Johnston Community College
- Type: Public community college
- Established: 1969
- Parent institution: NCCCS
- Accreditation: SACS
- Chairman: Lyn Austin
- President: Vern Lindquist
- Administrative staff: 650
- Undergraduates: 6,000
- Location: Smithfield, North Carolina, United States
- Campus: Suburban 175-acre (0.71 km^{2});
- Colors: Royal Blue and Silver
- Nickname: Jaguars
- Website: www.johnstoncc.edu

= Johnston Community College =

Public college in Smithfield, North Carolina, US

Johnston Community College (JCC) is a public community college in Smithfield, North Carolina. It is located 30 mi east of Raleigh, near the junction of I-95 and US 70. The 175 acre main campus has 11 student buildings, an auditorium capable of seating 1,011 people, a 4,800-square-foot multi-use/banquet hall, four vocational shops/labs, a 16 acre arboretum, and three ponds. Johnston Community College has off-campus centers throughout Johnston County, including the Cleveland Center, the Workforce Development Center, and the Howell Woods Environmental Learning Center, a 2800 acre wildlife preserve, and a teaching facility.
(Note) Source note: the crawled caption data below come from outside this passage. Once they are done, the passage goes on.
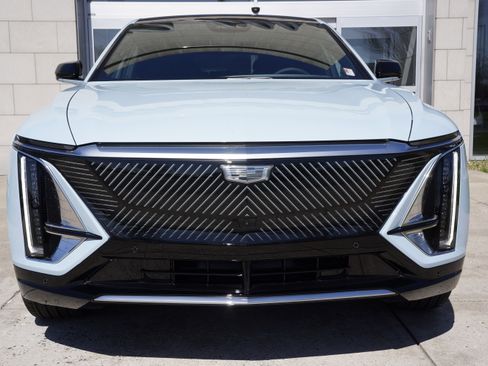 New 2026 Cadillac Lyriq Premium Sport image 14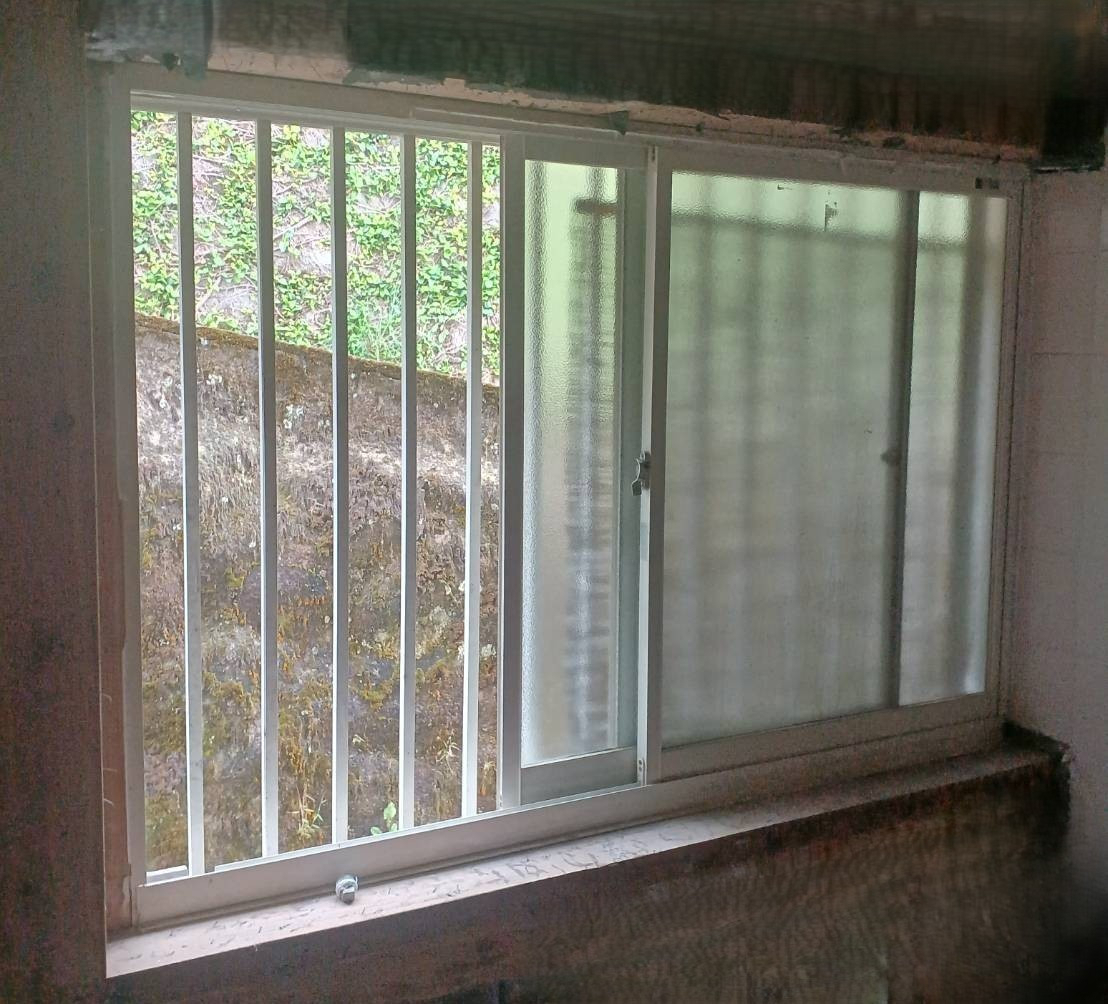 米田トーヨー住器の【リフォーム取替窓】LIXILリプラスで断熱＆防音！1日で完了,窓リフォームの施工前の写真2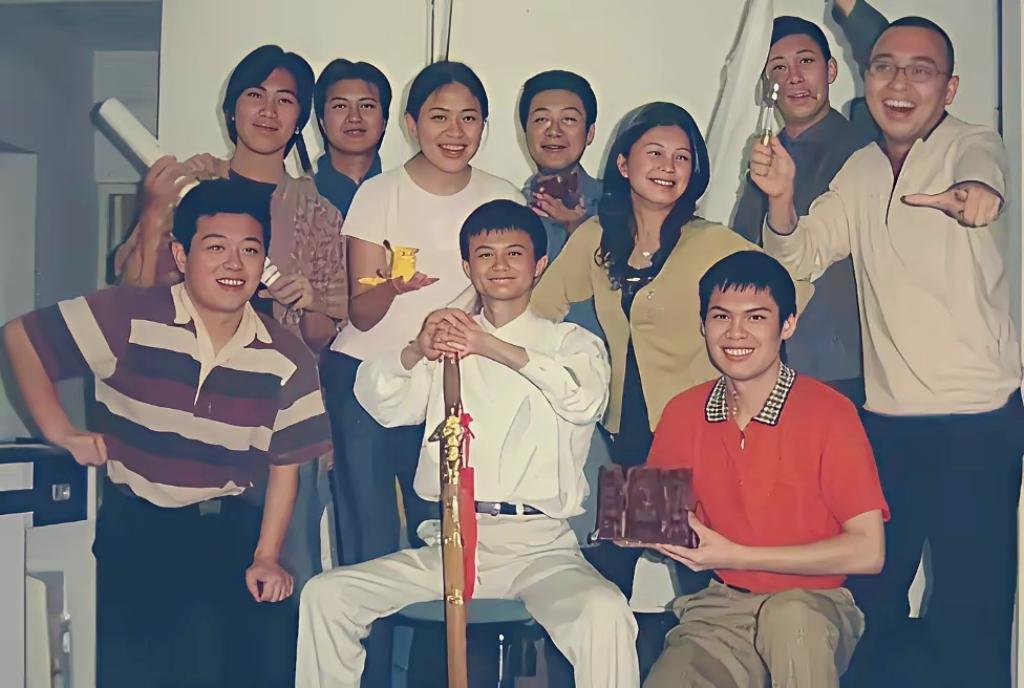 2003年淘宝初创合影，一把宝剑一群同行伙伴，平凡一群人劈开了国内电商全新时代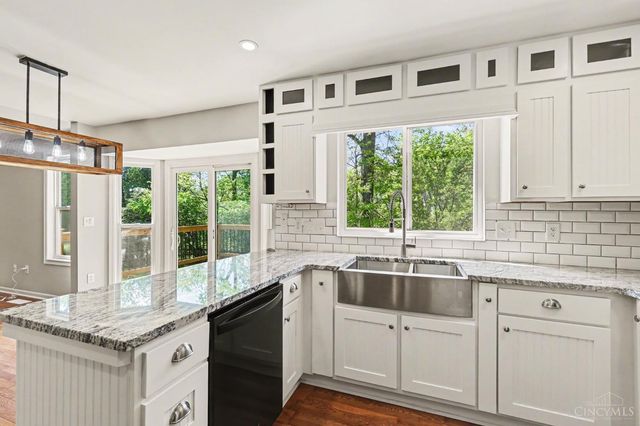 1540 Thornberry Road, Amelia, OH 45102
JCC is the home of the North Carolina Truck Driver Training school, the oldest truck driver training program in the United States. JCC also offers the programs of the Johnston County Career and Technical Leadership Academy.

==Accreditation==
Johnston Community College is a member of the North Carolina Community College System and is accredited by the Commission on Colleges of the Southern Association of Colleges and Schools to award the certificate, diploma, and associate degree.

==Athletics==
The athletic teams at Johnston Community College, known as the Jaguars compete in two intercollegiate sports:
- Men's and women's golf
- Men's and women's basketball

The men's basketball team was revived in 2016 along with the founding of a women's basketball team. Home games are held in the heart of Johnston County at the SRAC.

Johnston Community College is a part of the NJCAA.

== History ==
In 2025, JCC received a Golden LEAF Foundation grant of over $3.6 million to provide new employee training at Vulcan Elements starting in 2026, to prepare for the company's new neodymium magnet production facility that they plan to open in Benson, North Carolina.